'Re: SYNCHRONIZE_CACHE from sd_preppare_flush does not have retries.!'

[prev in list] [next in list] [prev in thread] [next in thread] 

List:       linux-scsi
Subject:    Re: SYNCHRONIZE_CACHE from sd_preppare_flush does not have retries.!
From:       Ric Wheeler <rwheeler () redhat ! com>
Date:       2010-04-29 20:13:03
Message-ID: 4BD9E84F.8000707 () redhat ! com
[Download RAW message or body]

On 04/19/2010 02:45 PM, James Bottomley wrote:
> On Mon, 2010-04-19 at 20:14 +0200, Bernd Schubert wrote:
>    
>> On Monday 19 April 2010, Mike Christie wrote:
>>      
>>> On 04/19/2010 06:32 AM, Desai, Kashyap wrote:
>>>        
>>>> I am facing one issue with scsi stack.
>>>> Here is a background of my test.
>>>>
>>>> Mount ext3 file system with journaling support with barrier=1, commit=5
>>>> Now, with this setup file system will do submit_bh with  WRITE_BARRIER
>>>> flag set for interval of 5 seconds. (This is a part of journaling.)
>>>> Eventually it will call queue_flush() which will generate SCSI command of
>>>> CDB: SYNCHRONIZE_CAHCE and insert it into the request queue. I observed
>>>> that creation of SYNCHRONIZE_CACHE is a part of sd_prepare_flush(). Here
>>>> we have timeout set to SD_TIMEOUT but retries are not set. Because of
>>>> retries of the request is not set, there is no retries allowed for
>>>> SYNCHRONIZE_CACHE at mid layer.
>>>>
>>>> Because of zero retries for SYNCHRONIZE_CACHE command at mid-layer, it is
>>>> creating trouble for file system. In current situation, Even though LLD
>>>> send back commands with DID_RESET, SYNCHRONIZE_CACHE will fail
>>>> immediately without going for any retries, when HBA is in recovery state.
>>>> Eventually this information goes to File system and it sees
>>>> SYNCHRONIZE_CAHCE is failed and file system goes to Read only mode.
>>>>
>>>> My question is "Can we add in sd_prepare_flush(), rq->retries = X" some
>>>> reasonable retries value ?
>>>>          
>>> I am not sure where we want it, but I think we want to be able to set
>>> both the retries and timeout. I have seen where a sync cache can take
>>> longer than the default 30 secs.
>>>
>>> Do you think we want to the block layer to manage retries/timeouts for
>>> all block device flushes or is this more device specific?
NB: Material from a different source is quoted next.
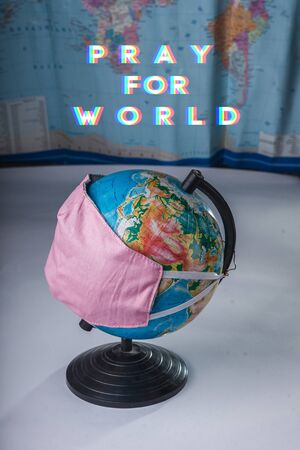 Globe in a medical mask on the background of a blurred world map with the inscription Pray for...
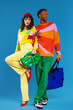 © BONNINSTUDIO/Stocksy - Fashionable couple in colorful wear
I was thinking
>>> that we may want to create a sysfs interface under the block dirs and
>>> have blk-sysfs.c and blk-barrier.c handle this. queue_flush could set
>>> the timeout and retries that is set by some new files under
>>> /sys/block/sdX/queue/ ?
>>>        
>>
>> Good that now also other people run into it. 30s is far too small for any
>> hardware raid unit with SATA disks.
>>      
> It's far too short for just about any HW RAID since they all tend to
> have multi-megabytes to gigabytes of cache (some of the high end have
> terrabytes).  It has to be said that most arrays with battery backed
> caches lie when asked to flush the cache, but we probably need to get
> users into the habit of not using flush barriers with external Arrays.
>
>    

As you say, a lot of arrays don't do anything with these requests. We 
should be using barriers (and sending down the synch commands) when the 
device advertises a write back cache.

For a simple hardware RAID card, it is not sufficient simply to flush 
the write cache on the HBA. It must also either disable the write cache 
on the downstream devices (S-ATA/SAS disks, etc) or send cache flush 
commands to each device.

In those cases, this could be a quite lengthy process...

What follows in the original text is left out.